(Dataset extract)
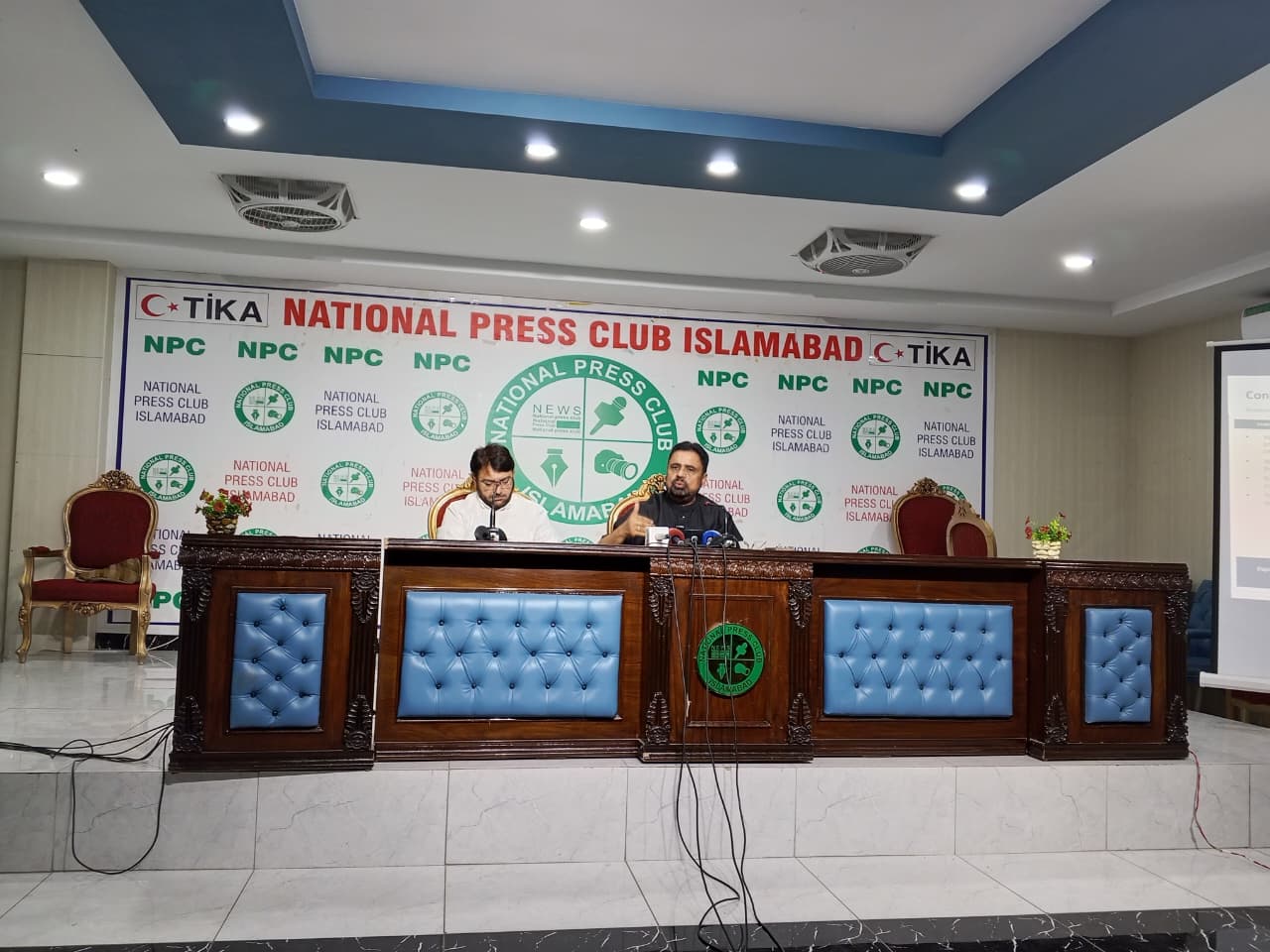 Pakistan’s first vaping survey finds many smokers reduced cigarette use, highlights regulatory gaps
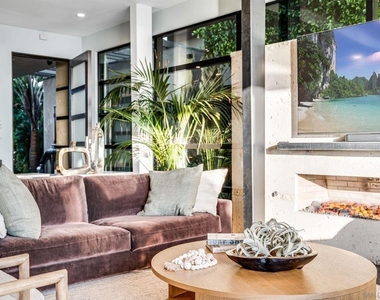 282 Neptune Avenue - Photo Thumbnail 9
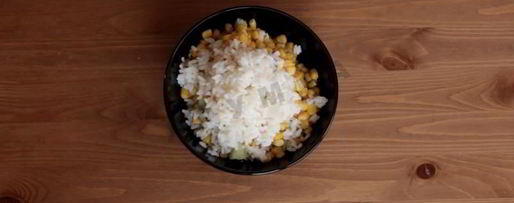 Шаг 6: тарталеток с крабовыми палочками кукурузой и огурцом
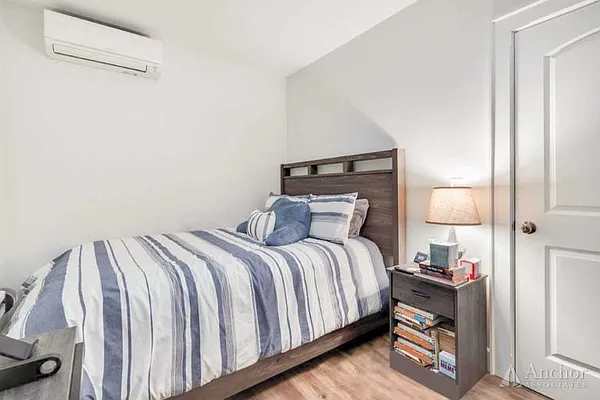 Rented by Anchor Associates | media 14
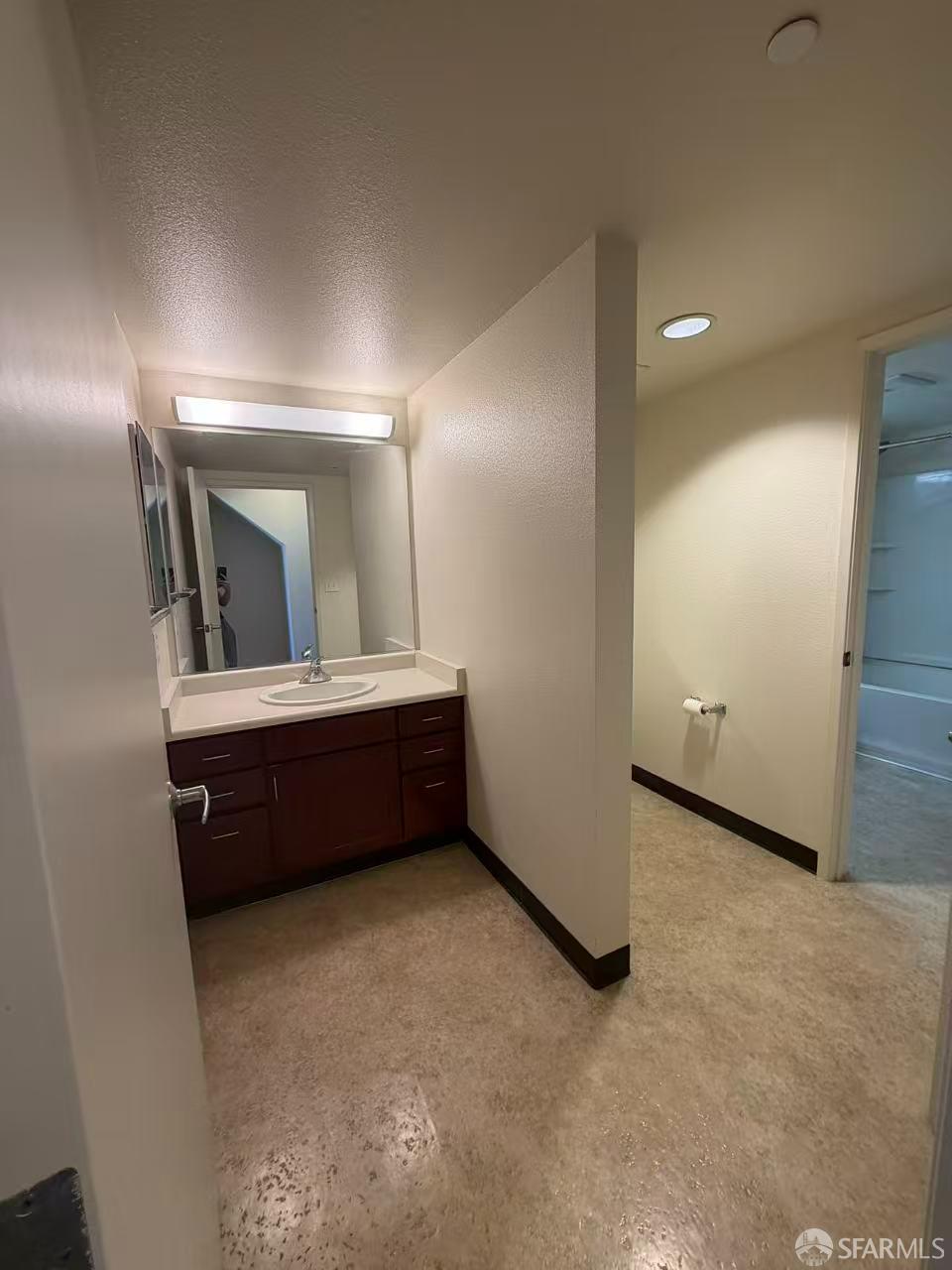 Photo #15: 426145734 Listing: Photo #15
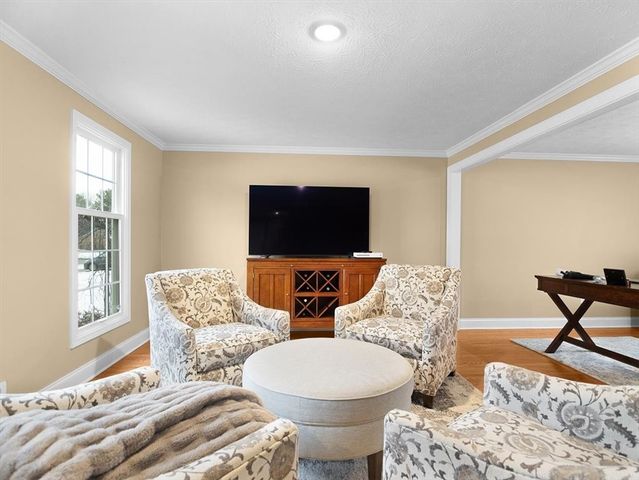 170 Willowood Drive, Greece, NY 14612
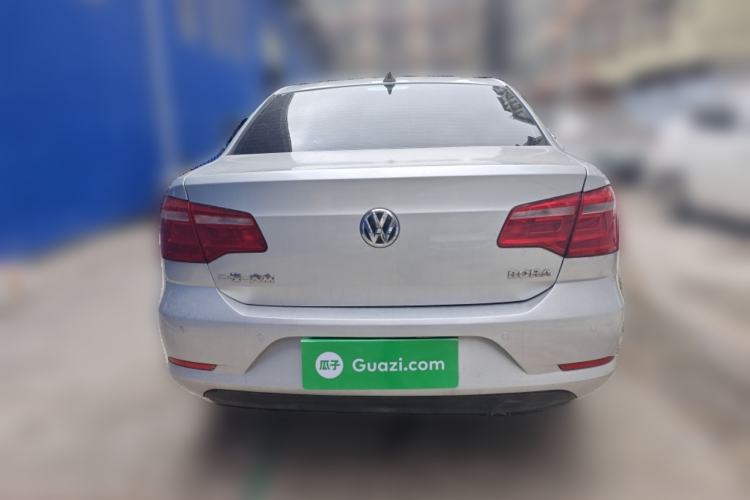 Used Volkswagen Bora 2013 1.6L Manual Fashion Edition

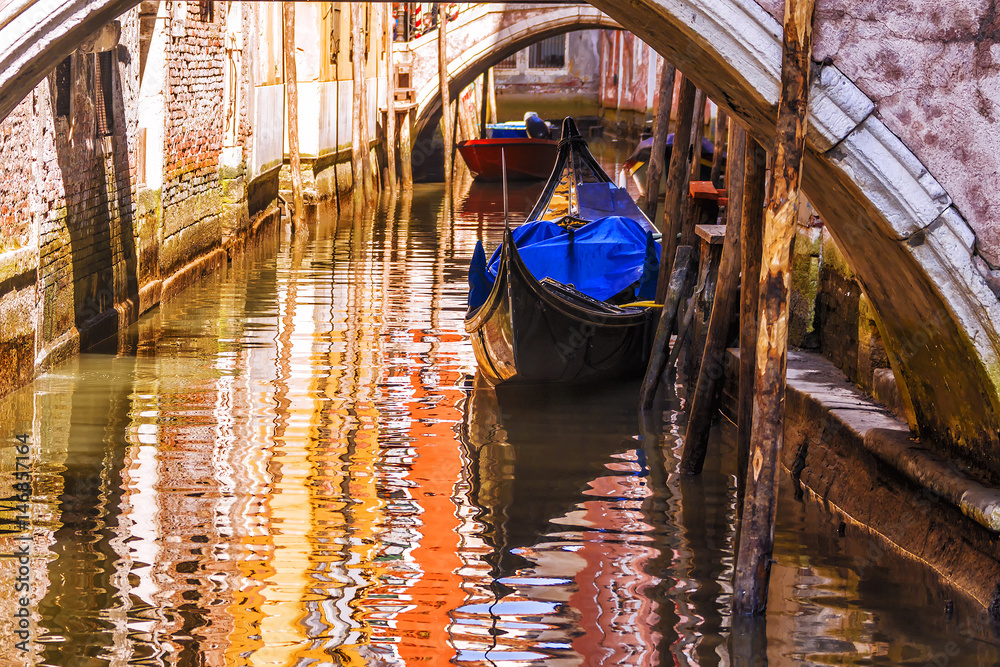Picturesque canals of Venice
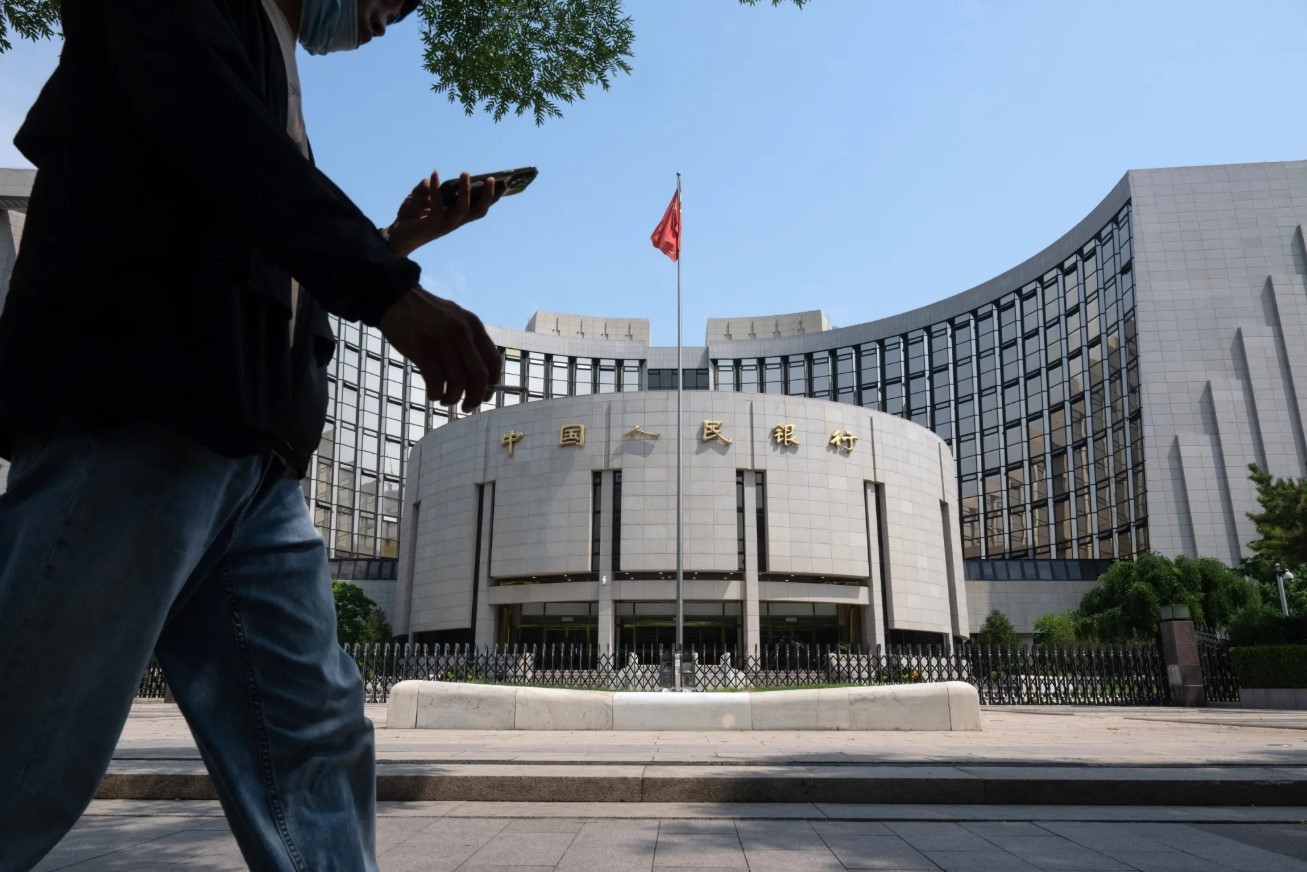 PBOC gom thêm 5 tấn vàng trong tháng 3 (Ảnh: Bloomberg) PBOC gom thêm 5 tấn vàng trong tháng 3 (Ảnh: Bloomberg)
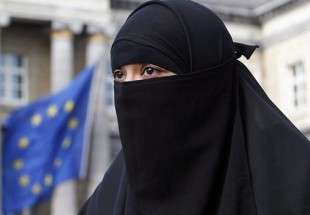 Algerian businessman pledges to pay veil fines in Denmark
(End Dataset extract)
**Exercise objective**
Set the data above down again exactly as given, with no pictures.

**Response area**
 Pakistan’s first vaping survey finds many smokers reduced cigarette use, highlights regulatory gaps
 282 Neptune Avenue - Photo Thumbnail 9
 Шаг 6: тарталеток с крабовыми палочками кукурузой и огурцом
 Rented by Anchor Associates | media 14
 Photo #15: 426145734 Listing: Photo #15
 170 Willowood Drive, Greece, NY 14612
 Used Volkswagen Bora 2013 1.6L Manual Fashion Edition

Picturesque canals of Venice
 PBOC gom thêm 5 tấn vàng trong tháng 3 (Ảnh: Bloomberg) PBOC gom thêm 5 tấn vàng trong tháng 3 (Ảnh: Bloomberg)
 Algerian businessman pledges to pay veil fines in Denmark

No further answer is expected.